If you are one of those people loving the sight of flames and the smell of gunpowder, the Valencian famous festival known as ´Las Fallas´ is the event for you. This unique celebration is characterised for being smoky, loud, crazy and rowdy while the city is literally set ablaze.

This Valencia well known event began as a feast day to commemorate St Joseph, the patron of Valencia and the saint of carpenters. The Valencia Fallas have developed into a five day multifaceted festival also celebrating ´fire´ with a population swelling to three million of flame loving people. In Valenciá (the co-official language of the region of Valencia), Las Fallas mean ´the fires´.

Las Fallas´ centre of attraction are the creation and destruction of the ninots, which are statues made of huge cardboard, wood and plaster located over 350 places like parks and key intersections all over Valencia city.
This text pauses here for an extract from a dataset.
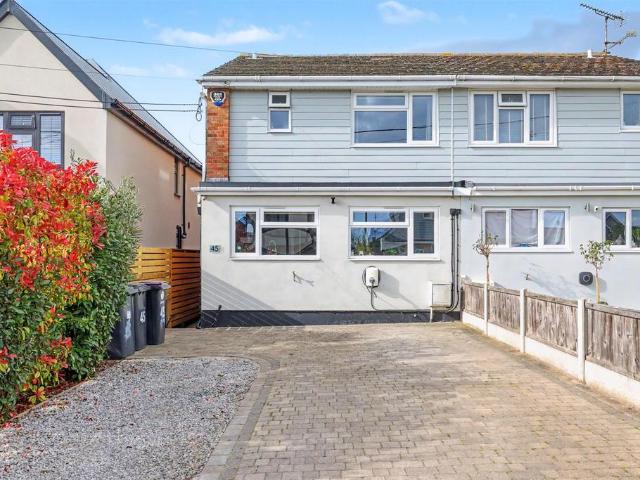House for sale in Barling, Essex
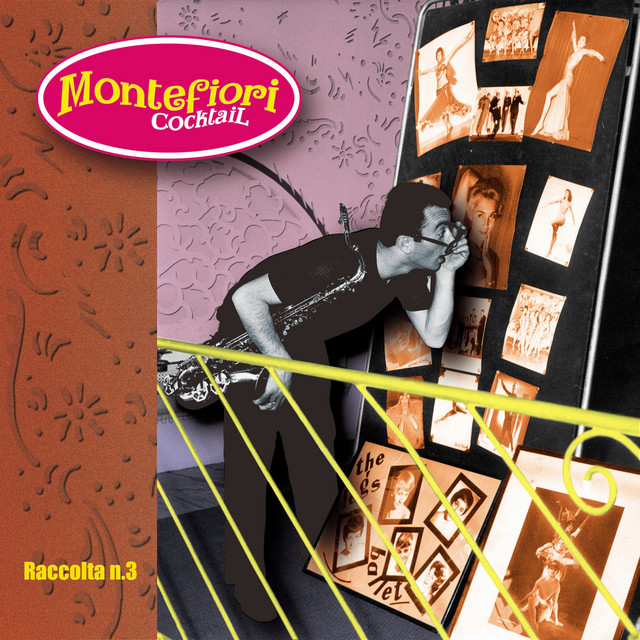 Raccolta, Vol. 3 artwork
The lifelike ninots frequently and satirically portray current events and bawdy scenes (Spanish celebrities and lampooning corrupt politicians are especially liked). Crafted by neighbourhood organizations, they are quite expensive and take about six months to build. Many ninots are quite a few stories tall with cranes needed to move them into position.


Valencia Fallas          Las Fallas – Valencia

The ninots remain in place until St Joseph´s Day, 19th March, when they are burned during “La Cremá.” Young men with axes chop holes into the ninots and put fireworks inside them in the early evening. While the street lights are turned off the spectators chant; then at exactly the stroke of midnight all the ninots are set on fire. The local firemen have devised over the years unique ways to protect Valencia´s buildings from burning alongside the ninots: for instance, by covering storefronts neatly with fireproof tarps. Also one of the ninots is spared from burning into flames each year by the crowds´ vote and will be exhibited in the local ninot museum along other years´ favourites.

Janet Morton, a pyromaniac and traveller mentions that Las Fallas are very difficult to be described as they are intensely cathartic. She also says that they are like a mix between the Fourth of July, a bawdy Disneyland and an apocalyptic end of the world.

The Valencia Fallas festival origins are somewhat obscure, though they are thought to be the evolution of pagan ceremonies of the celebration held on the planting season and spring onset. Also in the 1500s the city of Valencia only used street lights during the long winter nights, street lamps that were hung on wooden structures or ´parots´. When the days were longer, since the parots were not needed, they were customarily burned on St Joseph´s Day. Even now Las Fallas have kept their working-class satirical roots, while the upper classes and the faint-of-heart often leave the city when it is the actual time for this celebration.

Apart from burning the ninots, there are also other activities during the Valencia Fallas festivities; there are a wide range of beauty pageants, paella contests, parades and bullfights daily all throughout the city. Besides, during the days leading up to "la cremá", improvised displays of fireworks happen.

Finally another highlight of Las Fallas in Valencia are the 2 pm daily "mascletá" held in the Town Hall square, where the ground literally shakes for the 10 minutes following the ignition of a huge pile of firecrackers.